EXERCISE REQUIREMENTS: Take the listing below and print exactly the lines starting at the line containing "Sophisticated White Calla Lily" and ending at the line containing "58ff9c13 e5c6 4913", both ends included, and no others.

RECORDS SUPPLIED:

☆ ☆ ☆ ☆ ☆

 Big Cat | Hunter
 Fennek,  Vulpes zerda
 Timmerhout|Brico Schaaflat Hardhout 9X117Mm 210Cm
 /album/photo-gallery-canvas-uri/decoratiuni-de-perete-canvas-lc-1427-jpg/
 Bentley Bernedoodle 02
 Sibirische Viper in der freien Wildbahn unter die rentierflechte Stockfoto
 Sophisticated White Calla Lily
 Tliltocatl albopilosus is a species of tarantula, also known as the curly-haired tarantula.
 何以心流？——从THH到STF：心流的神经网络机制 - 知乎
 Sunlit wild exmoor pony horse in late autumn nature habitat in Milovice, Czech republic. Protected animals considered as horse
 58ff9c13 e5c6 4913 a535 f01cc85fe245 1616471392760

☆ ☆ ☆ ☆ ☆

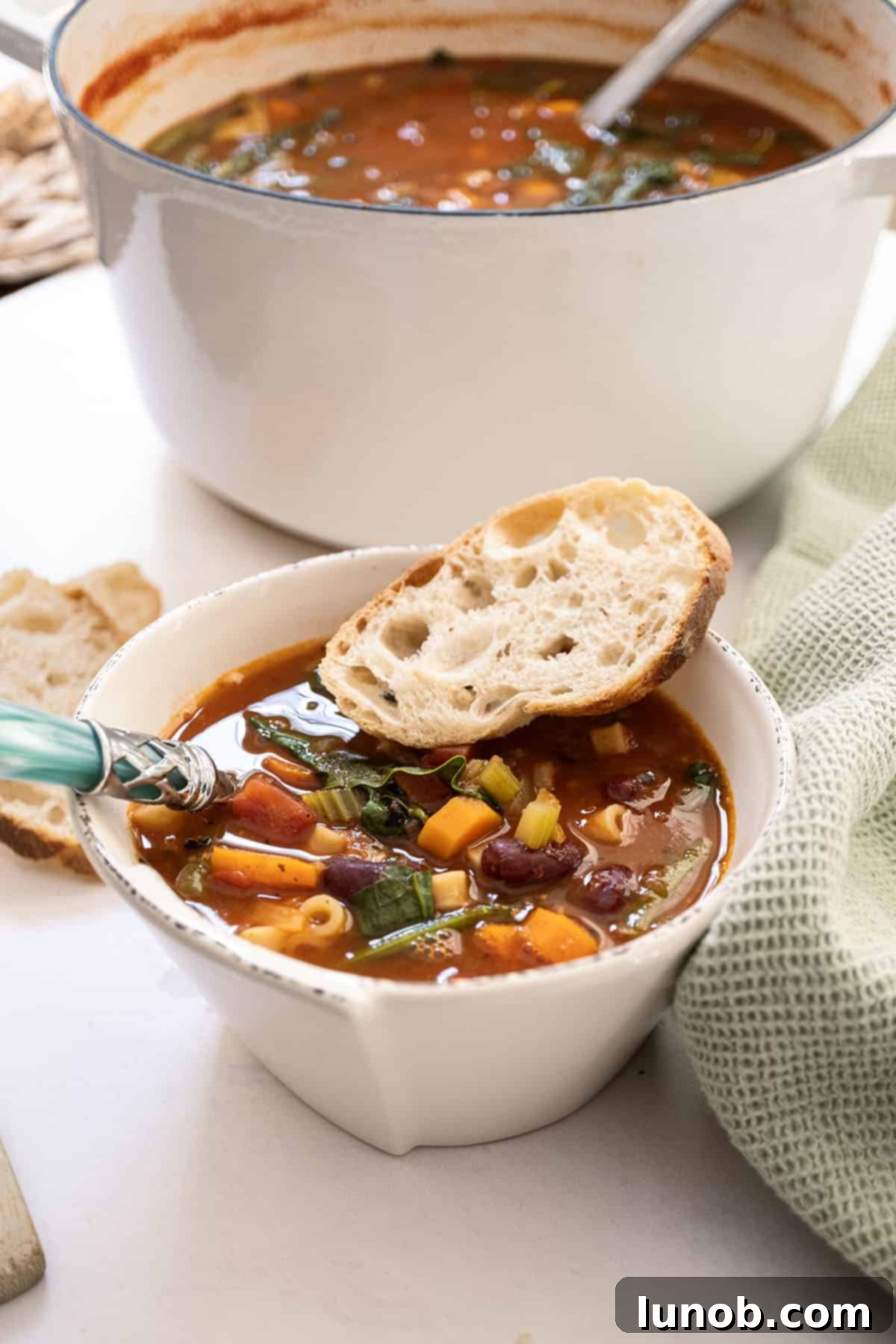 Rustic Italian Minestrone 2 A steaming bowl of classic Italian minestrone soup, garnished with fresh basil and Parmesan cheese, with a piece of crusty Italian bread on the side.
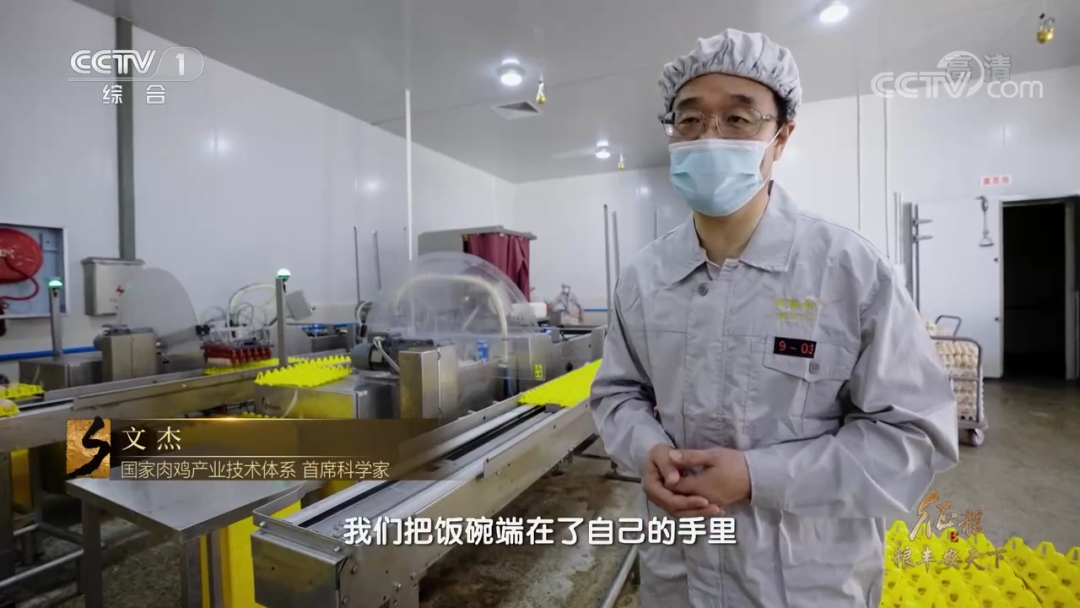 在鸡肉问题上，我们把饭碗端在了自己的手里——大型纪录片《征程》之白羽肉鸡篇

☆ ☆ ☆ ☆ ☆

RESPONSE TO THE TASK:
 Sophisticated White Calla Lily
 Tliltocatl albopilosus is a species of tarantula, also known as the curly-haired tarantula.
 何以心流？——从THH到STF：心流的神经网络机制 - 知乎
 Sunlit wild exmoor pony horse in late autumn nature habitat in Milovice, Czech republic. Protected animals considered as horse
 58ff9c13 e5c6 4913 a535 f01cc85fe245 1616471392760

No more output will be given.